Durch den Rückzug der Bürger der Mittelschicht aus den Städten in die Vororte kam es zunächst zur Abnahme der Bewohnerdichte in den Innenstädten, was durch die Renaissance der Beliebtheit bei einigen Bevölkerungsschichten, die einen größeren Wohnraumbedarf aufweisen, noch verschärft wird. Nichtsdestotrotz ist eine steigende Nachfrage, die zum Teil nicht gedeckt werden kann, in den Innenstädten zu beobachten. Zahlungskräftige Haushalte drängen zurück in die Innenstädte, da sie von Suburbia aus den verschiedensten Gründen wie beispielsweise vom täglichen Stau auf den Zubringerstraßen und einer fehlenden wohnortnahen Infrastruktur enttäuscht worden sind. In diesem Zusammenhang wird oft von Gentrification gesprochen. Dies bedeutet die Vertreibung von angestammten Bewohnern der von Altbau geprägten Kernstadt durch die Yuppies (Young Urban Professionals) der Mittel- und Oberschicht und ist in der Stadtentwicklungspolitik nicht unumstritten35.
Der Vorteil der suburbanen Räume hingegen liegt in der Möglichkeit der Verwirklichung der eigenen Wohnwünsche, was in integrierten Lagen kaum möglich ist. In diesem Zusammenhang sind die im letzten halben Jahrhundert in Deutschland enorm angestiegene Wohnfläche und Eigentumsquote36 als zwiespältiger Erfolg anzusehen, denn die Ausweitung des privaten Eigentums hat den größten Teil zur Suburbanisierung beigetragen37.
Festzuhalten bleiben demnach drei Hauptursachen für den Abwanderungsprozess: zum Einen das Preisgefälle von den Kernstädten zur Peripherie, zum Anderen das fehlende Baulandangebot in den Kommunen und zuletzt fehlende Qualitäten im Bestand und öffentlichen Raum38.

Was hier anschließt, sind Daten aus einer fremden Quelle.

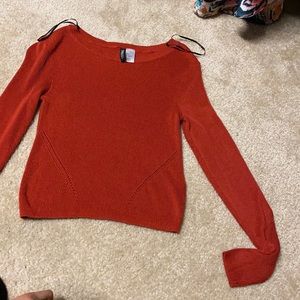 Crop sweater top orange small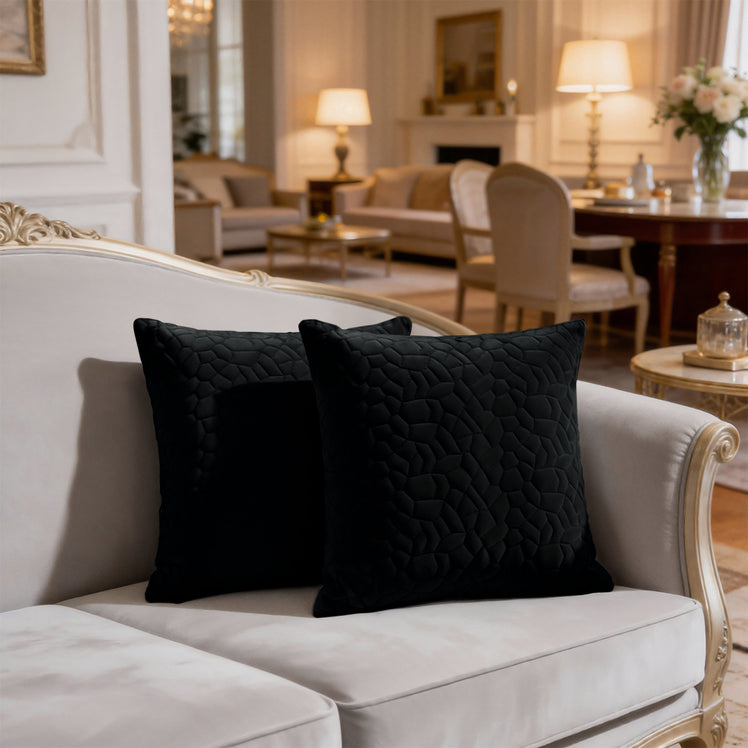 Velvet Embossed Pattern Cushion Covers Pebbles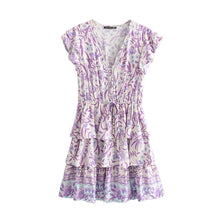 Load image into Gallery viewer, Autumn Winter Women Clothing Short Sleeve Ruffle Sleeve Printed Dress
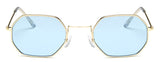 Ladies  hexagon sunglasse  metal Women Brand Designer Fashion Rimless  Clear Ocean Lenses Sun Glasses  UV400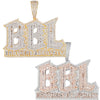 Custom Baguette BBL Brothers By Loyalty Simulated Diamond  Pendant With Chain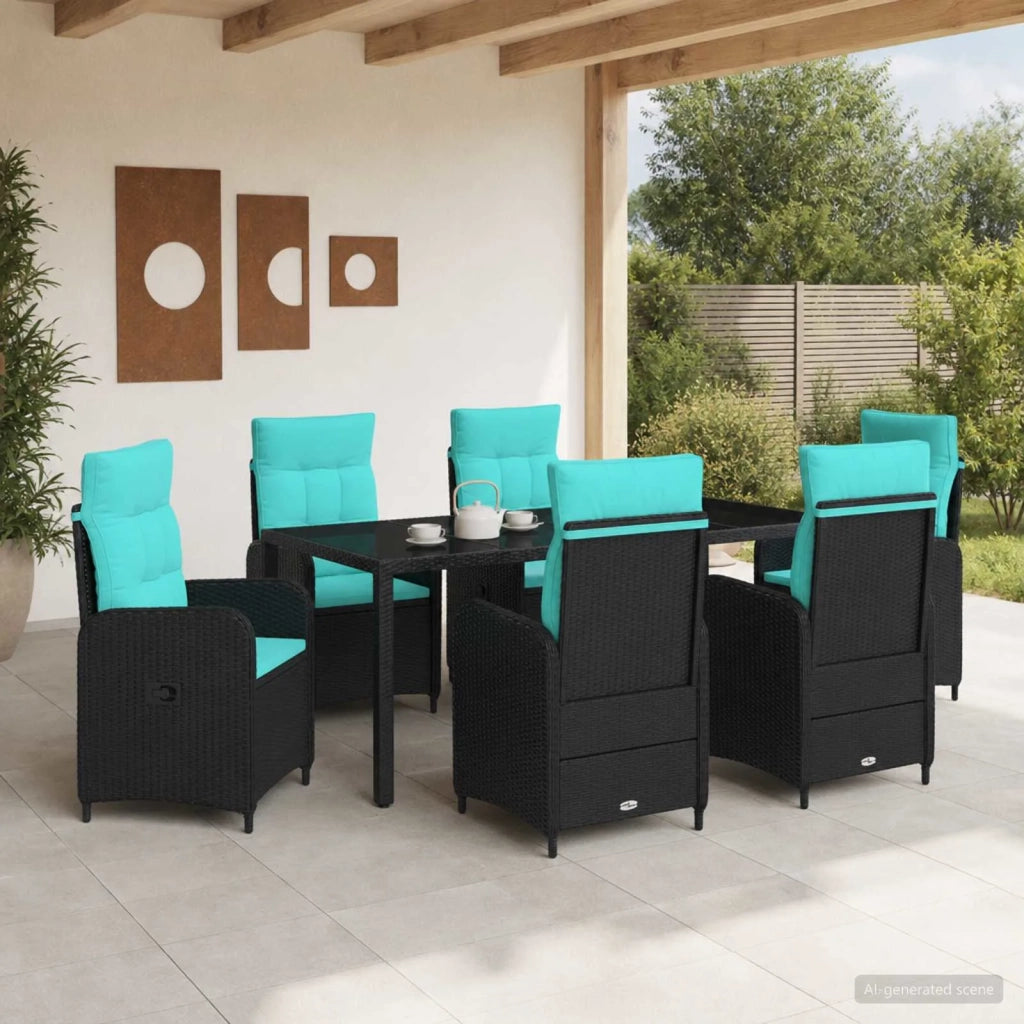 Set da pranzo per esterni 7 pz polyrattan 3422308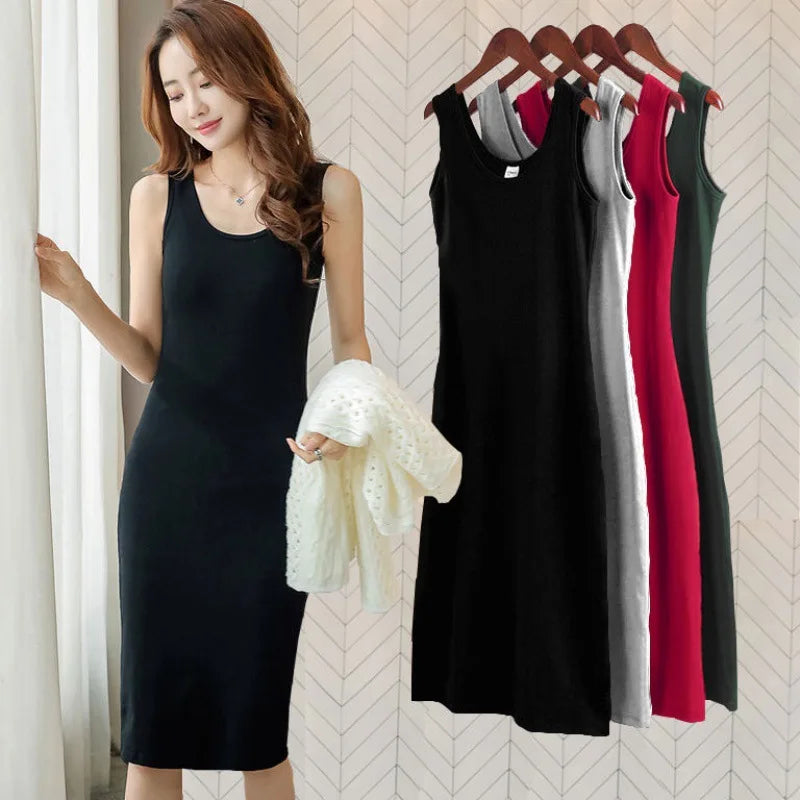 Summer Women Casual Sheath Dress Lady Sleeveless Tank Top Dress Long Slip Dress Plus Size Women Girl long  Dress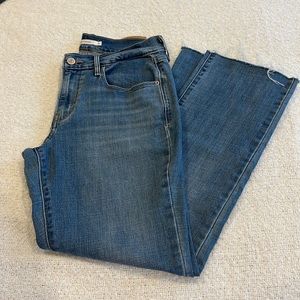 Levi’s 505 Straight 27” long with distressed bottoms (altered)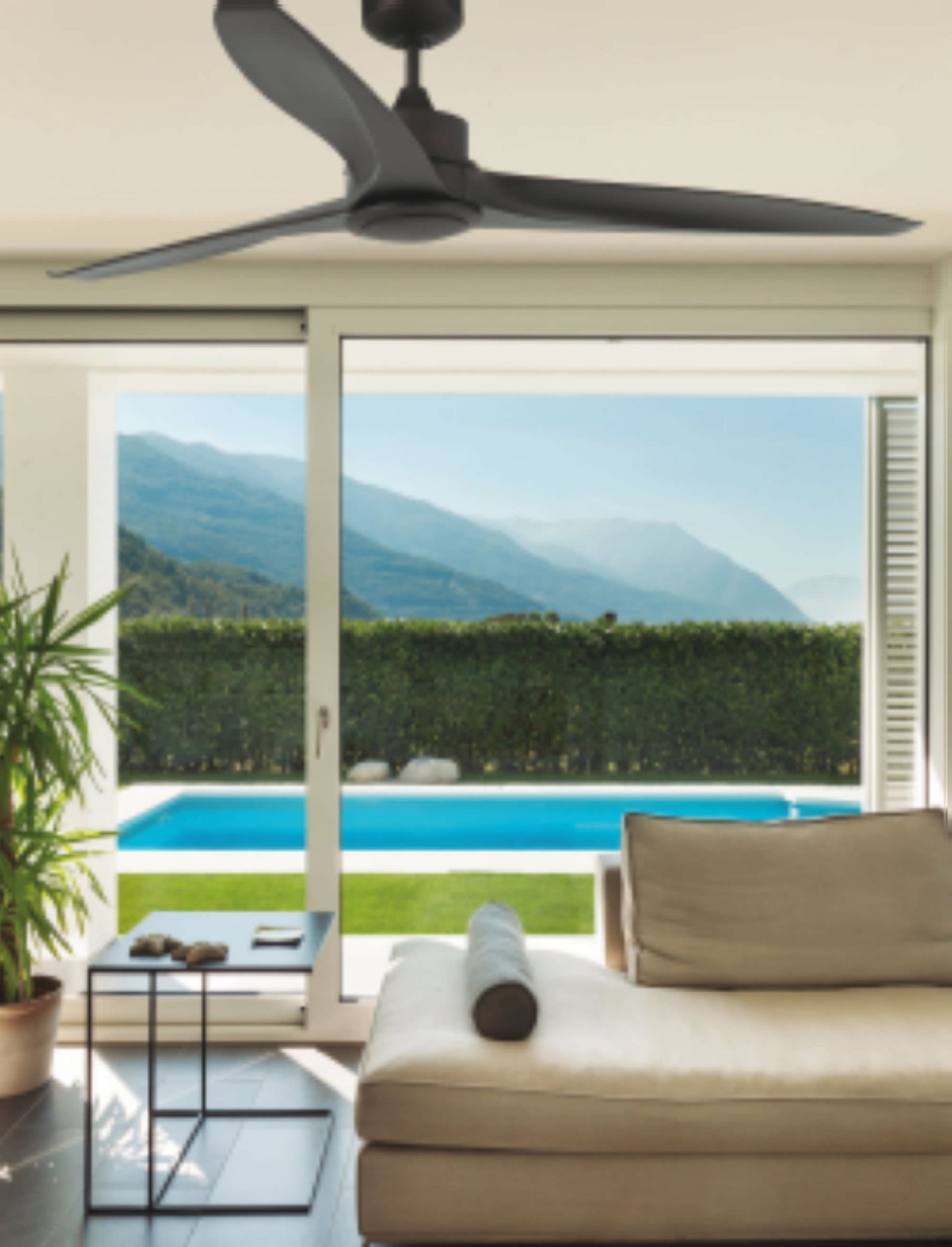Faro Faro 33552 Marrone Scuro Ventilatore Luce Led Soffitto Inclinato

Folgende Konsequenzen haben die beschriebenen Entwicklungen für den Wohnungsmarkt: da die Wohnungsmärkte nicht an den Kommunalgrenzen aufhören, wird in immer mehr regionalen Märkten ein Angebotsüberschuss zu verzeichnen sein. Weil die Mieter inzwischen Wahlmöglichkeiten bei der Wohnungssuche haben, werden die nicht den Anforderungen entsprechenden Einheiten mit Leerständen abgestraft. Besonders stark wird dies die Massenbestände treffen. Trotzdem wird mit den Nischentrends der Neubau auch in gesättigten Märkten eine gute Chance haben. Da sich die Nachfrage ständig stärker nach sozialer Schichtzugehörigkeit und Wertorientierung ausdifferenziert, wird sich das Angebot verschieden gestalten müssen39.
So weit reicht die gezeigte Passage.